A partir deste ano, o projeto começou a vencer a burocracia graças ao gesto do filho de Carlos Laet, o desembargador Mafra de Laet, de doar o acervo do pai ao Arquivo Nacional dirigido por Eugênio Vilhena. Estudioso da obra de Carlos, Eugênio achou nos objetos o manuscrito da petição enviada ao Congresso em 1909. Ele comentou com a esposa Lúcia, que era noelista, a importância do achado. Foi quando o Núcleo Noelista do Rio de Janeiro, liderado por Alice Isnard Távora, começou a promover um Dia de Ação de Graças no Brasil.

O movimento Noel surgiu na França, idealizado pelo Pe. Claude Allez. No Brasil, ele foi introduzido em 1914 por Felipa Brandão Uchoa Cavalcanti, conhecida por Dona Felipinha. O grupo teve como sede o Colégio Coração Eucarístico do Recife. O movimento, que fomentava a participação da mulher na vida cívica. O grupo do Rio trabalhou intensamente.

Revista noelista com foto do decreto assinado pelo presidente Dutra

Em 11 de outubro de 1948, a Comissão de Educação e Cultura da Câmara dos Deputados deu parecer favorável ao pedido das Noelistas de oficializar o Dia de Ação de Graças com comemoração na última quinta-feira de novembro. Em março de 1949, o processo chegou ao Senado.
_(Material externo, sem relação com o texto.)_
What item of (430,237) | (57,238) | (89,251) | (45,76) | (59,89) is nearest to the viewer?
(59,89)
Em 17 de agosto de 1949, o então Presidente Eurico Gaspar Dutra sancionou a Lei nº 781 que instituía o Dia Nacional de Ação de Graças no Brasil, que passou a ser celebrado toda quarta quinta-feira de novembro. 

foto: arquivo pessoal
Alice Távora

Os pesquisadores explicam que o Dia de Ação de Graças ganhou cunho ideológico também na América Latina. “Durante a Guerra Fria, com o acirramento do clima de medo imposto pela rivalidade entre EUA e a antiga União das Repúblicas Soviéticas Socialistas (URSS), a data passou a ser um símbolo de proteção ao comunismo”, diz Luisa. De acordo com os relatos, Joaquim Nabuco cultivava um sentimento de panamericanismo e também queria implantar um Dia Interamericano de Ação de Graças. A data teve boa receptividade, por algum tempo, em países como El Salvador, Paraguai, Colômbia, Venezuela, Guatemala, Brasil, Equador, Honduras e Uruguai.  

Para os integrantes do grupo, mais do que um estudo acadêmico, a pesquisa representou uma experiência que resultou num estudo mais detalhado da história do Brasil e da América Latina até então quase desconhecido. “É incontestável a magnitude do fato de um grupo de mulheres nos anos 40, católicas, leigas, muito bem organizadas, terem conseguido uma vitória no Congresso Nacional. É importante saber da origem do movimento que está ressurgindo em comemorações nos últimos anos. Além disso, é muito interessante redescobrir os caminhos percorridos pelas noelistas, já que as mulheres viviam sob forte opressão naquela época”, analisam os pesquisadores.